Sono sempre stato certo che il suo arresto sarebbe stato più difficile di quello del suo sodale e socio del terrore, l’ex auto-proclamato presidente della ex auto-proclamata Repubblica Srpska di Bosnia (Rs), Radovan Karadzic.

Perché Mladic è a conoscenza di più segreti del mediocre poeta spiantato Karadzic; perché era lui il vero uomo di Slobodan Milosevic nel mattatoio bosniaco; perché era lui quello che incontrava, nella sua profonda rozzezza e tracotanza, gli inviati stranieri e i negoziatori che goffamente proponevano piani di pace a chi pensava solo ad affogare la multiculturalità bosniaca nel sangue dei musulmani di quelle parti. E a mettersi in tasca terre e risorse come conseguenza della più evidente e clamorosa aggressione bellica del secondo dopoguerra europeo.

Ora che hanno arrestato “il generale”, l’uomo dalla mediocre biografia che ha spedito indietro nel tempo di quarant’anni la Bosnia Erzegovina, radendola al suolo sia materialmente che culturalmente, invece della gioia a prevalere è il senso di spossatezza. E anche scrivere queste poche righe pare una fatica immensa.

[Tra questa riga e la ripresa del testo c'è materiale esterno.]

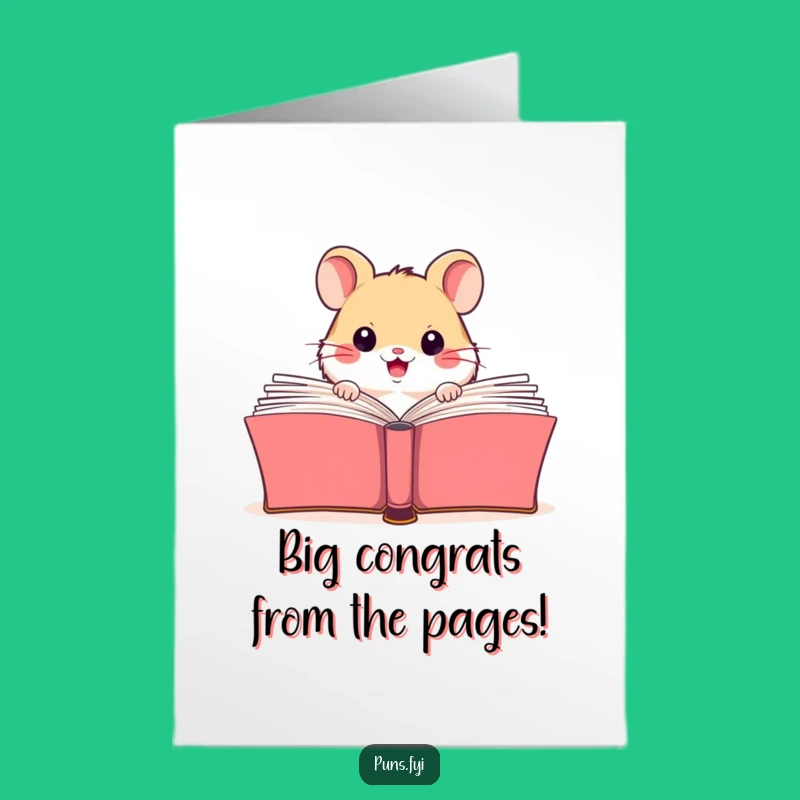 Free Printable Congratulations Card: Hamster Reader - Funny Downloadable Gift for Achievers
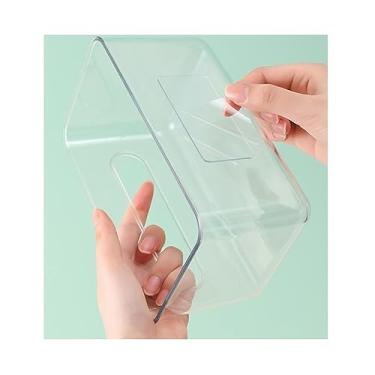 Imagem de x3anggyt5 Capa de caixa de lenços de papel transparente montada na parede, suporte para lenços umedecidos, suporte de papel de guardanapo, toalha de rosto, caixa de armazenamento de papel para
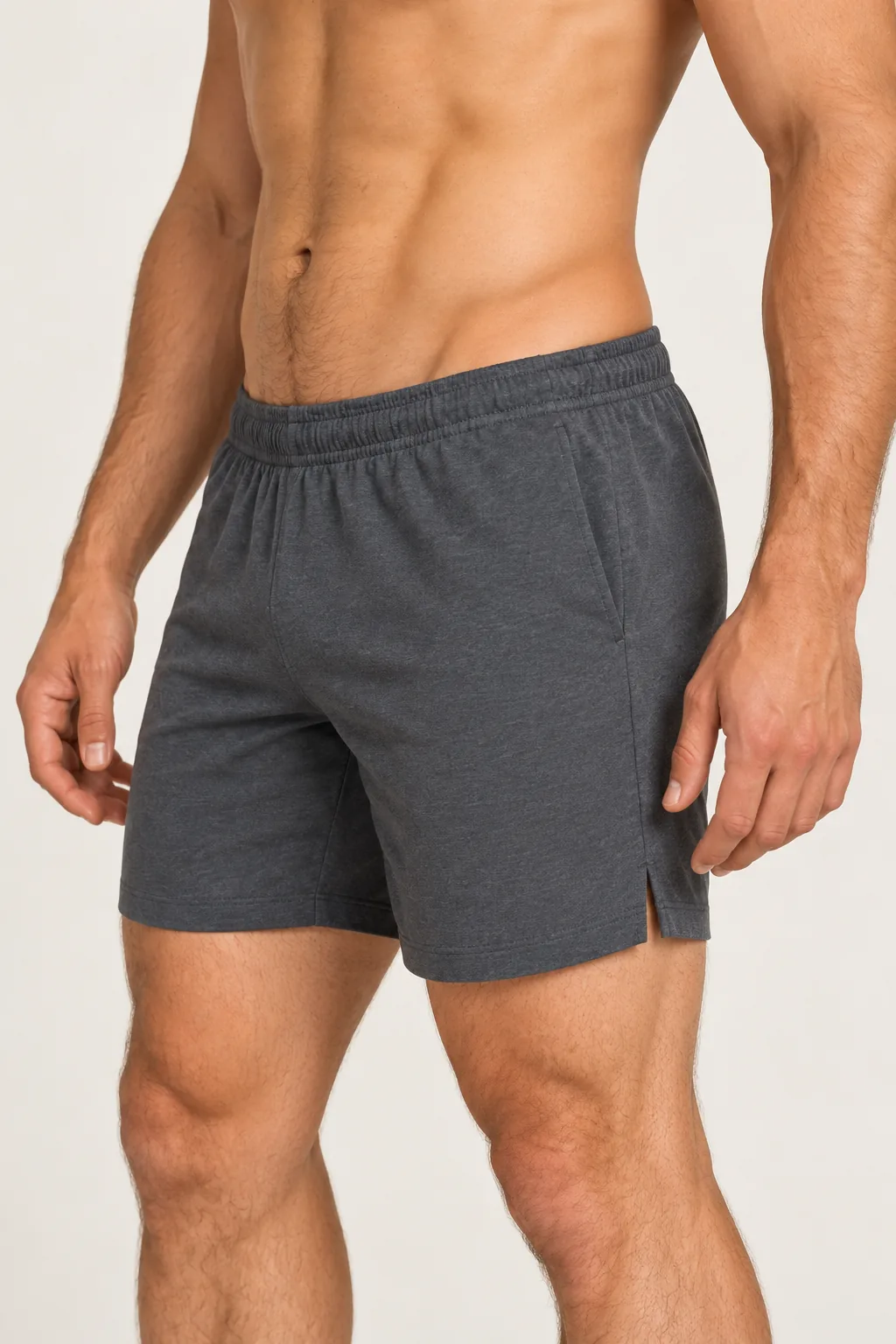Close view of the hip bone area on a male body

La biografia di Mladic rappresenta bene l’uomo: nato il 12 marzo 1943 a Bozinovici, Erzegovina occidentale, il suo nome potrebbe essere rozzamente tradotto come Guerriero Giovane. Diplomatosi all’Accademia militare di Zemun, nel 1991, quando la Jugoslavia sta per esplodere è ancora uno dei tanti ufficiali del corpo Pristina, di stanza al confine tra Jugoslavia e Albania. Dopo aver appoggiato le rivendicazioni secessioniste dei serbi della Krajina in Croazia, nella primavera del 1992 è nominato comandante dell’esercito della Rs. Destituito dalle sue funzioni di capo di stato maggiore dell’esercito serbo-bosniaco nel novembre 1996, era ricercato per essere giudicato dal Tribunale penale internazionale per i crimini di guerra nella ex Jugoslavia (Tpi) dellAja con l’accusa di crimini di guerra, crimini contro l’umanità e genocidio. È stato l’ideatore e il realizzatore materiale del genocidio di Srebrenica, costato la vita a circa 10.700 persone con un cognome musulmano.

Una biografia mediocre come l’uomo, che solo grazie alla guerra e al bagno di sangue da lui stesso progettato e realizzato è riuscito a passare dal pantano del nulla alla storia. Come una sorta di piccolo, nuovo Adolf Hitler. Ma c’è chi si accontenta anche di questo.  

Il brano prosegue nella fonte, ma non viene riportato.